I was preparing to launch my second project, 17 John Street, on Regulation S. I was at a conference in Berlin and I got a call from my VP of marketing, and he said, “Wake up, they changed the law.” I decided to postpone 17 John until the bill passed [last July].

TELL ME ABOUT 17 JOHN STREET, A 15-STORY APARTMENT BUILDING TO WHICH YOU’RE ADDING EIGHT STORIES. YOU OPENED IT IN FEBRUARY TO ACCREDITED INVESTORS IN THE UNITED STATES. WHAT ARE THEY INVESTING IN?

17 John is going to be an extended-stay hotel. I like the extended-stay model in New York.

HOW DOES THE CROWDFUNDING PROCESS WORK FOR YOUR INVESTORS?

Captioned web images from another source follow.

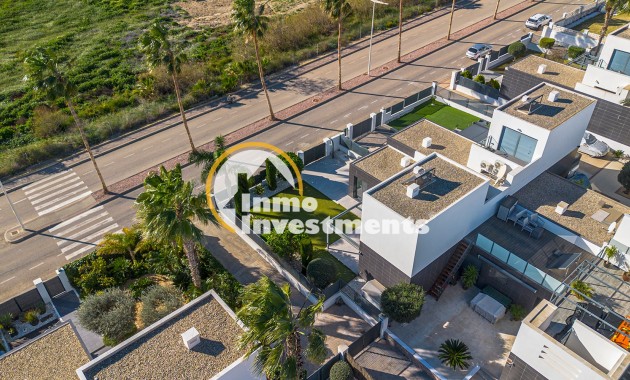 Gebrauchtimmobilien - Villa - Algorfa - La Finca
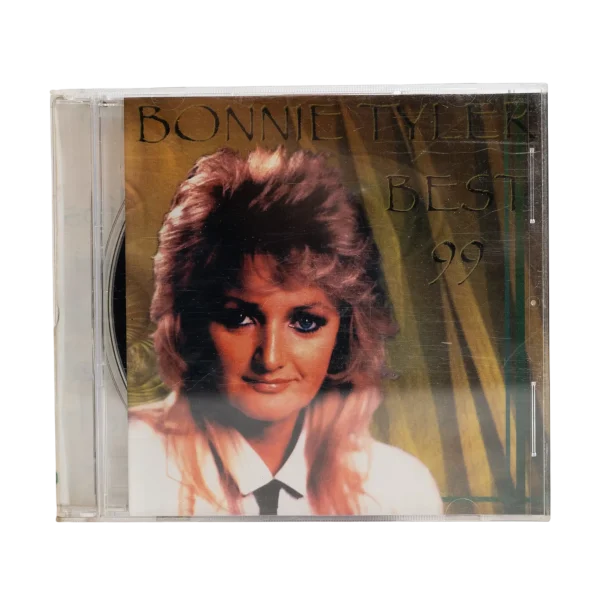 Bonnie Tyler Best 99 Music CD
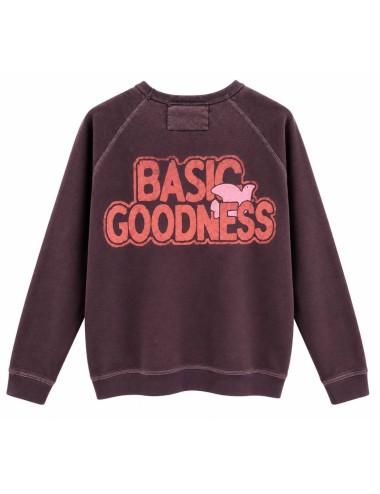 BASICGOODNESS SCHULZ SUPERVINTAGE YUMM RAGLAN
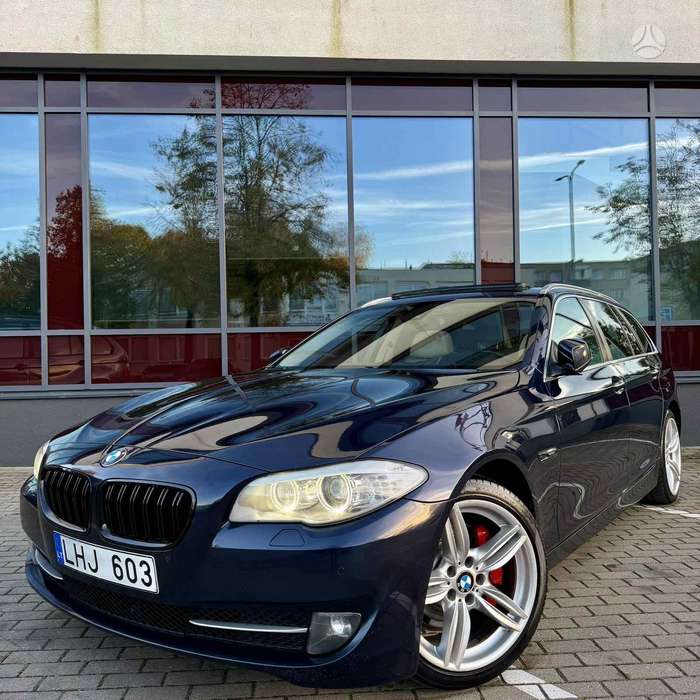BMW 525, 3.0 l., universalas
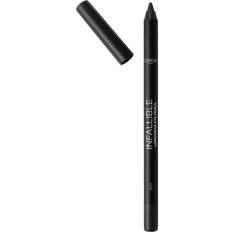 Infallible eyeliner L'Oréal Paris Infallible Pro-Last Waterproof Pencil Eyeliner Black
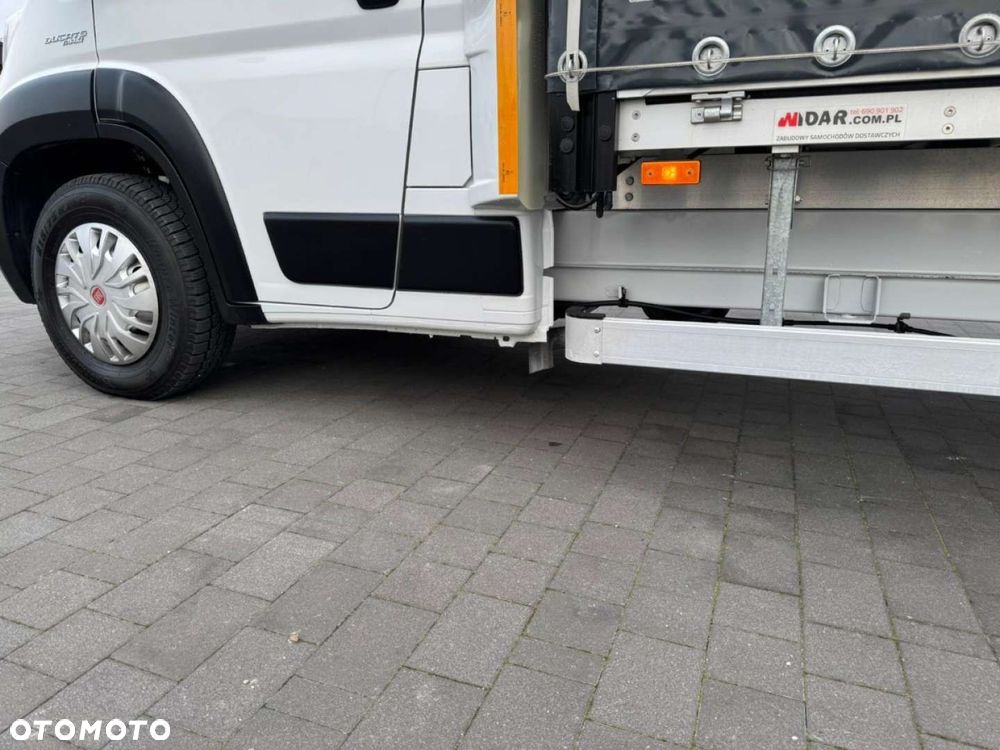 Fiat Ducato Maxi 180 ps.10 europalet - 15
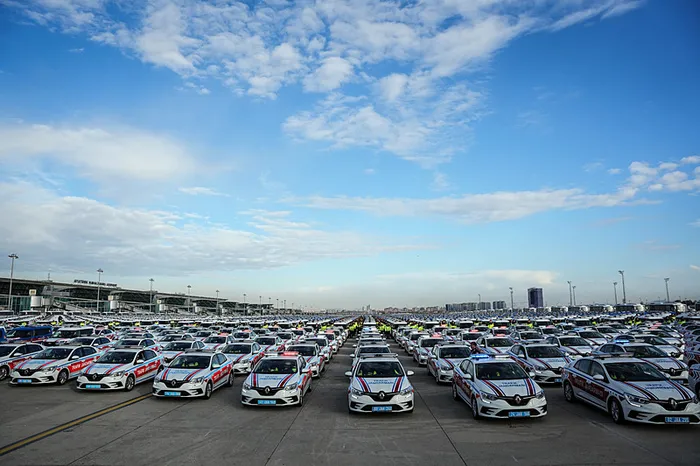 Başkan Erdoğan'dan güvenlik güçlerine açık mesaj: Sokak çetelerine ve örgütlere nefes aldırmayın - 1
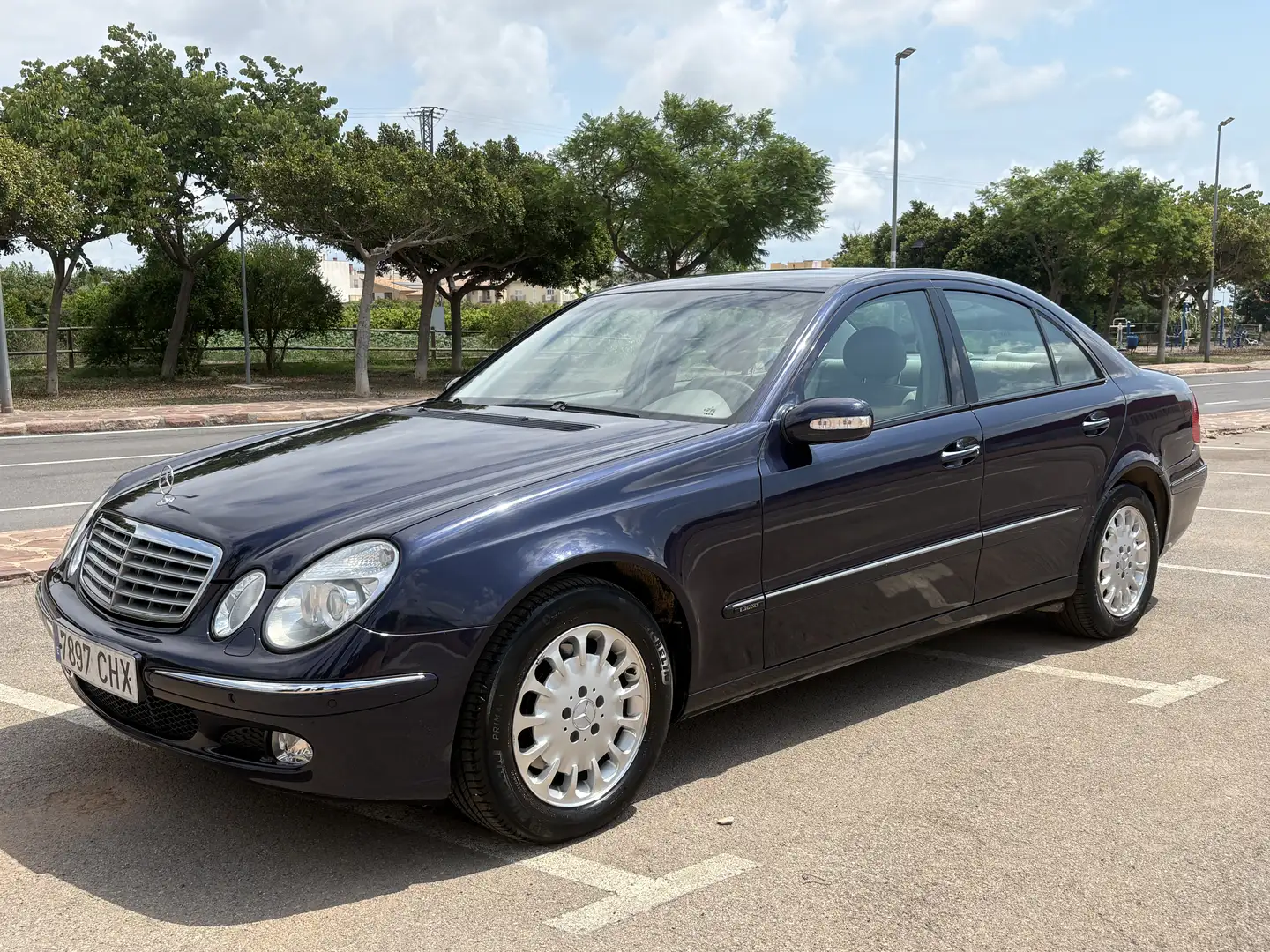 Mercedes-Benz E 320 - 2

You go to our site, analyze the projects, request the information—anything you want. You need to prove that you are an accredited investor. And then you buy. 17 John is a minimum investment of $100,000, but I am trying to bring it down to $50,000. And you are going to be looking at returns north of 15 percent, distributed semiannually. We hold the project for five to seven years, depending on the asset, and then we sell it.

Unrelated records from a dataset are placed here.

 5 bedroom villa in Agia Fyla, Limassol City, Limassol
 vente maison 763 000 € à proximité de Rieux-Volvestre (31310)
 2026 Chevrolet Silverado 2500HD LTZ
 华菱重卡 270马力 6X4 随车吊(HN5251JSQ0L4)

RETURNS OF AT LEAST 15 PERCENT—THAT’S A BIG NUMBER. HOW DID YOU COME UP WITH IT?

Very simple: You have rent and a cash flow based on the operation, which with 17 John is an extended-stay hotel. It’s a predictable cash flow.

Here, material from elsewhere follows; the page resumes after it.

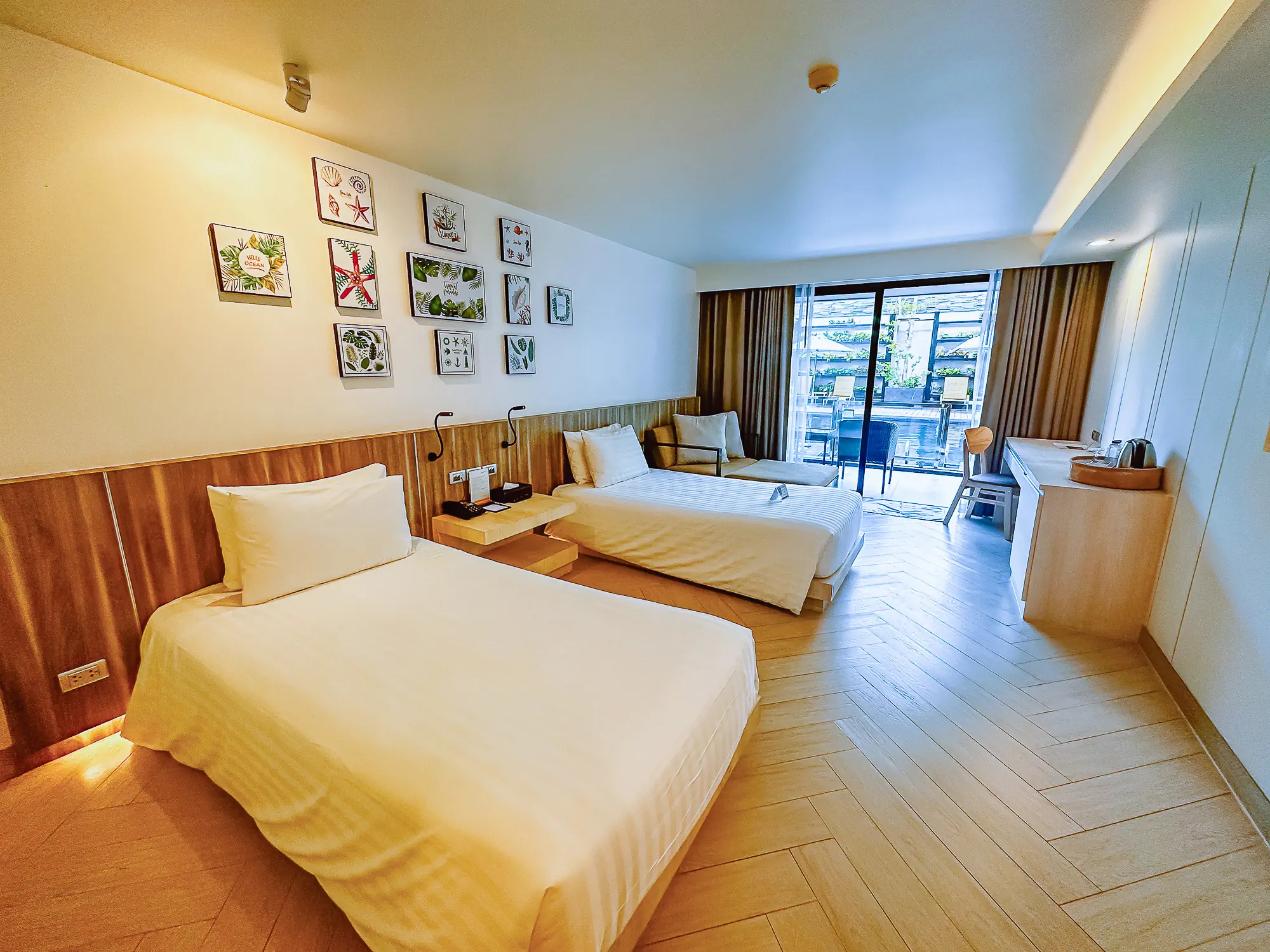 Golden Tulip Pattaya Beach Resort - zdjęcie 51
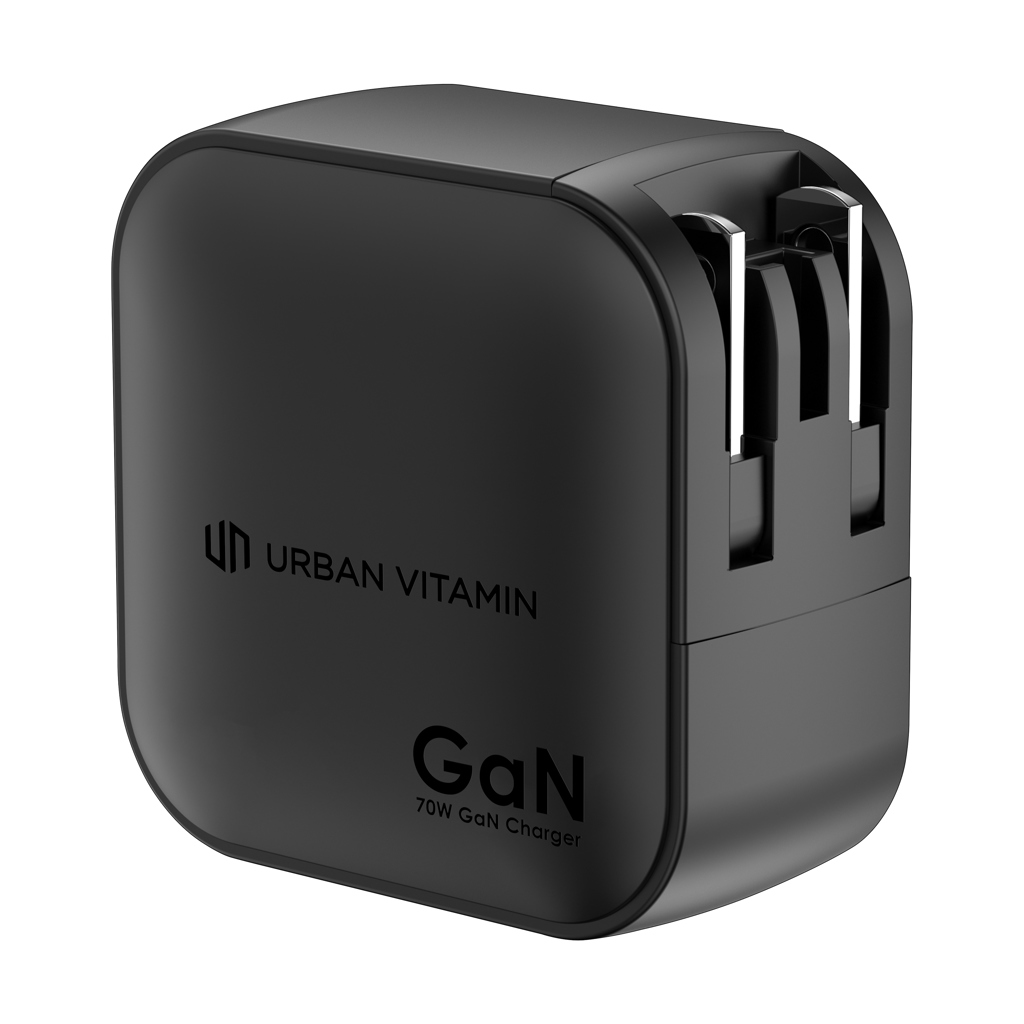 Cargador GAN  Urban Vitamin Santa Cruz RCS rplastc 70W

HOW DO YOU MAKE MONEY IN THIS PROCESS?

We have an asset management fee of 2 percent. And the investors have a 6 percent preferential return. Then you have a waterfall, between 6 and 15 percent, 80 percent goes to investors and 20 percent goes to us. Beyond 15 percent, we go 50-50. So if the returns are not good, investors are protected.

WHY WOULDN’T AN INVESTOR JUST INVEST IN A REIT?

This is completely different from a pool of assets, like a REIT. In a pool of assets, you have the good, the bad and the ugly. Quite frankly, to me, investing in a REIT is not investing in real estate. This is an alternative with a more predictable cash flow derived from rent.

WHAT DOES PRODIGY’S OPERATION LOOK LIKE NOW?

We have offices in New York, Miami and Bogotá. We are close to 80 people now. And we have a portfolio of six projects, including 17 John, worth over $600 million, depending on valuations and who you ask.

ANY PLANS TO LOOK BEYOND NEW YORK AND COLOMBIA?

The United States is my priority; I am focused on big metropolitan areas with global demand. I am analyzing a couple of signature projects in Philadelphia. I am exploring options in Chicago, in Boston. I’m also interested in Mexico, Peru and Europe, starting with Spain. There are opportunities there to buy a lot of assets below market prices right now.

Do you ever worry that you are putting too much faith in the crowd?
That is the philosophy. I think that the crowd will always have a higher collective intelligence than any individual. What is the risk associated with that? Nothing.